**What you should do**
Extract from the entries below, exactly as given, only the lines from the line containing "What Does That" to the line containing "Volkswagen Touareg II", both lines included.

**Records**
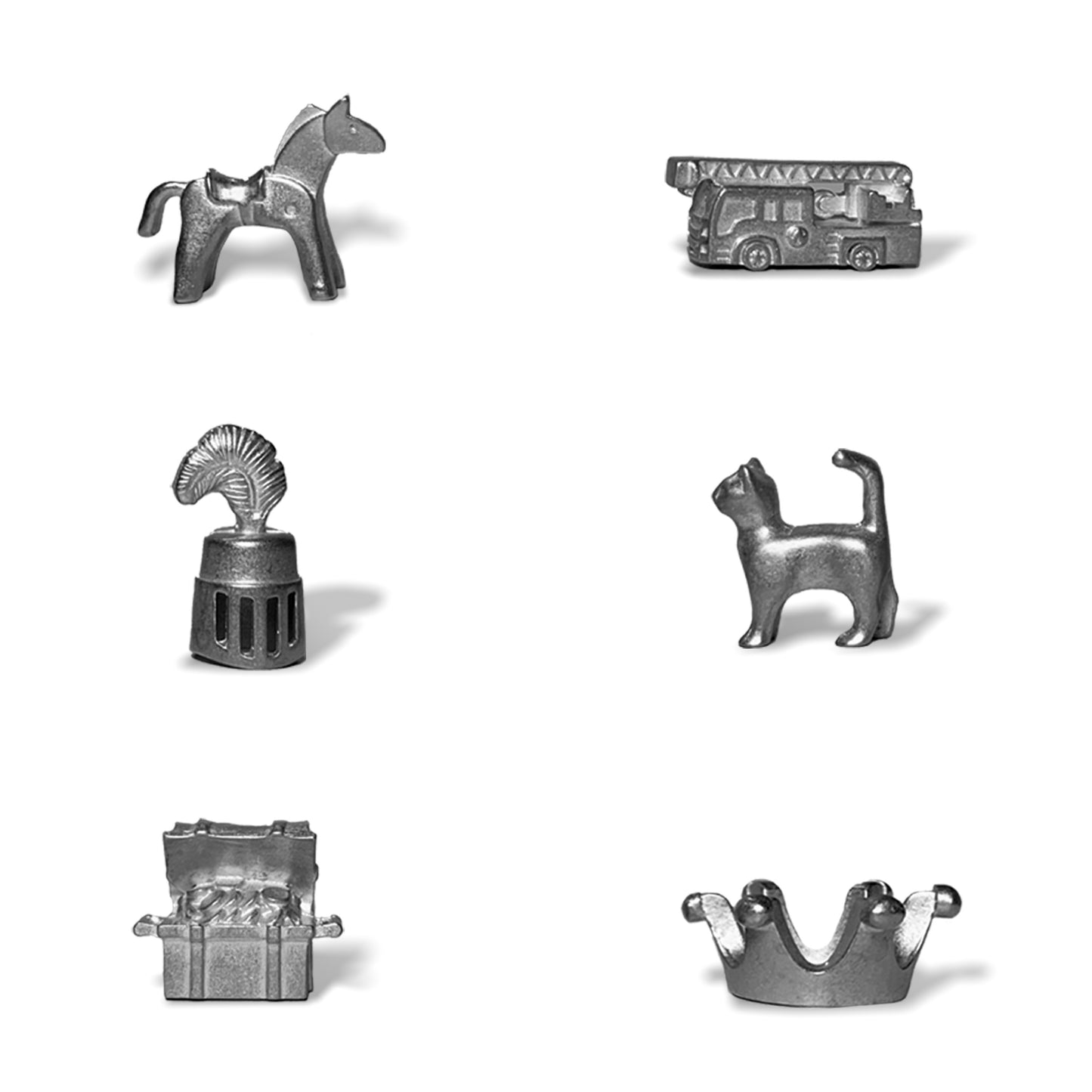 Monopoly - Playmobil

---

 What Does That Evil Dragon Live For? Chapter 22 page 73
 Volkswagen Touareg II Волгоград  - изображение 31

**Exercise solution**
 What Does That Evil Dragon Live For? Chapter 22 page 73
 Volkswagen Touareg II Волгоград  - изображение 31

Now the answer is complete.